# Sometimes I wonder....



## Lucky13 (Oct 11, 2015)

Came across this one, while looking for Phantom stuff...Cutting Edge/Wild Hare 1/32 British Phantom FG.1/FGR.2 Conversion.







....and it sold I think last year, in January, for.....wait for it.....£622.97!!?? 

Honestly, I mean....why?


----------



## GrauGeist (Oct 11, 2015)

You've gotta be kidding me, 622 pounds??

What the hell?


----------



## ian lanc (Oct 11, 2015)

That'll be mates bidding together 'testing the waters' to get the punters in.


----------



## mikewint (Oct 11, 2015)

Without checking I think that the British Pound is about $2 USD. At over $1200 that kit had better be made out of platinum


----------



## Lucky13 (Oct 11, 2015)

As we speak, or type, Mike....the $ v £ is 1.5318, so it went for $954.26!


----------



## Airframes (Oct 11, 2015)

Sheeite ! I converted a Revell 1/32nd scale kit, back in about 1979/80, which cost a bit of work, some Milliput and scratch-building, at around a fiver, on top of the price of the kit.


----------



## Vic Balshaw (Oct 11, 2015)

I don't mind forking out for some extras so as I can try and produce an interesting and challenging model……………….but that much………………..no way.

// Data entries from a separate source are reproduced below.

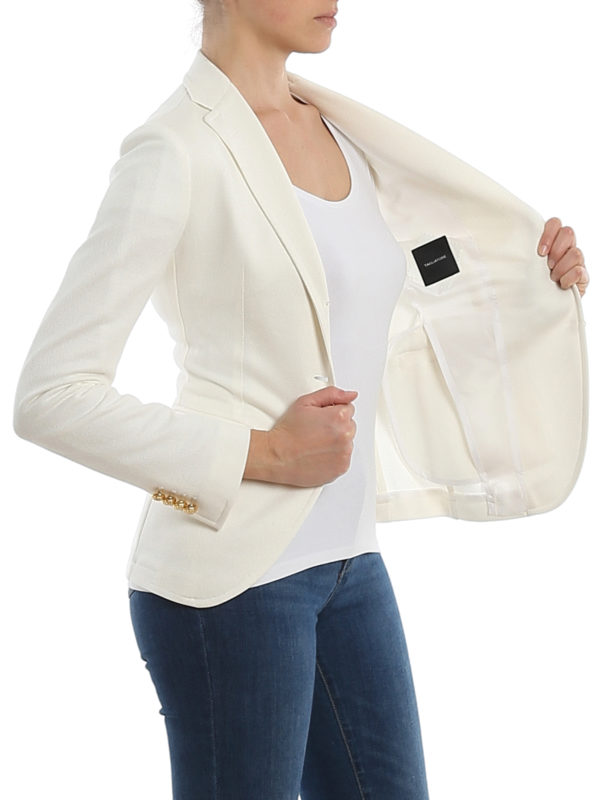 بلیزر Tagliatore - Cotton jersey blazer 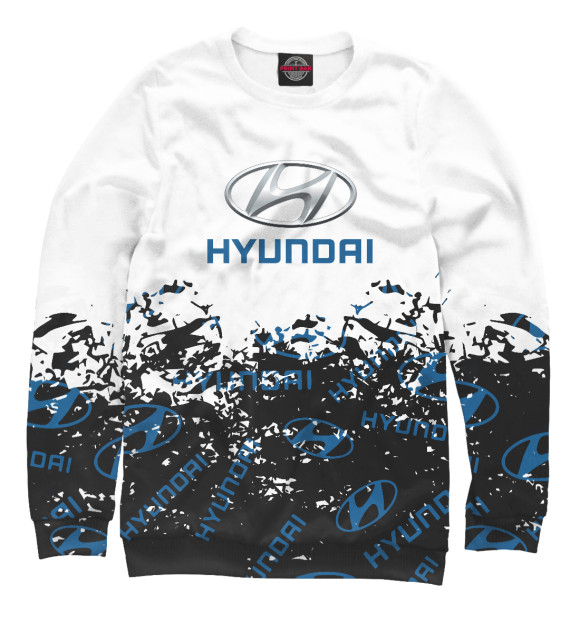 Свитшот для девочек с изображением Hyundai цвета Белый
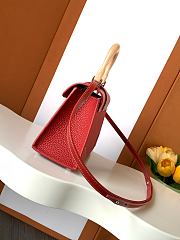 Fortok Goyard Saigon Mini Red 15 x 7.5 x 20 cm - 4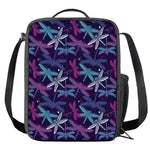 Trippy Dragonfly Pattern Print Crossbody Lunch Bag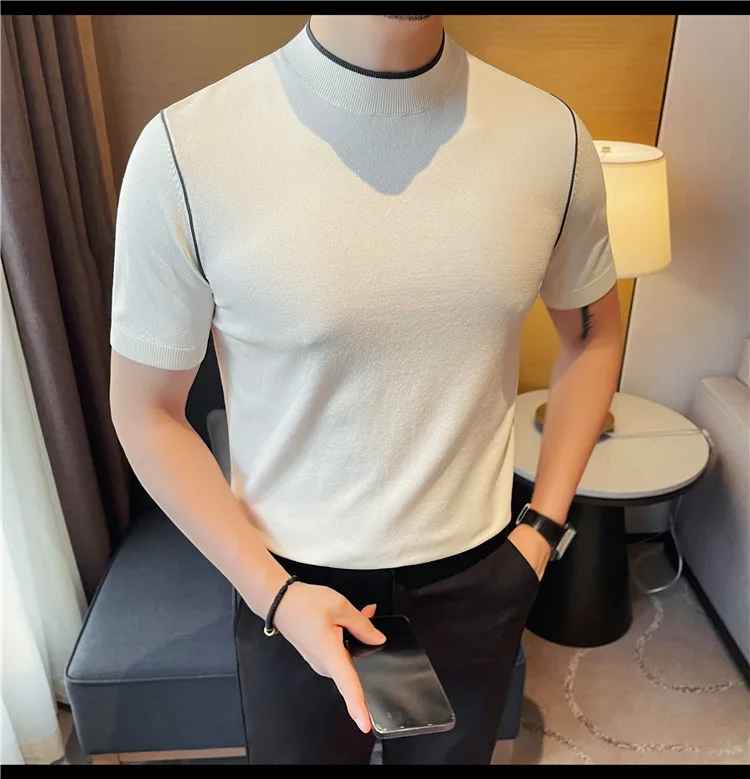 Camiseta Prime Stripe White por Camiseta Prime Stripe White - Altair & Lane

Also just think of how many models you could get wit that kind of cash!


----------



## Lucky13 (Oct 12, 2015)

Vic Balshaw said:


> I don't mind forking out for some extras so as I can try and produce an interesting and challenging model……………….but that much………………..no way.
> 
> *Also just think of how many models you could get wit that kind of cash!*



Exactly!!


----------



## mikewint (Oct 13, 2015)

Well shoot, a bargain then. It's made out of silver


----------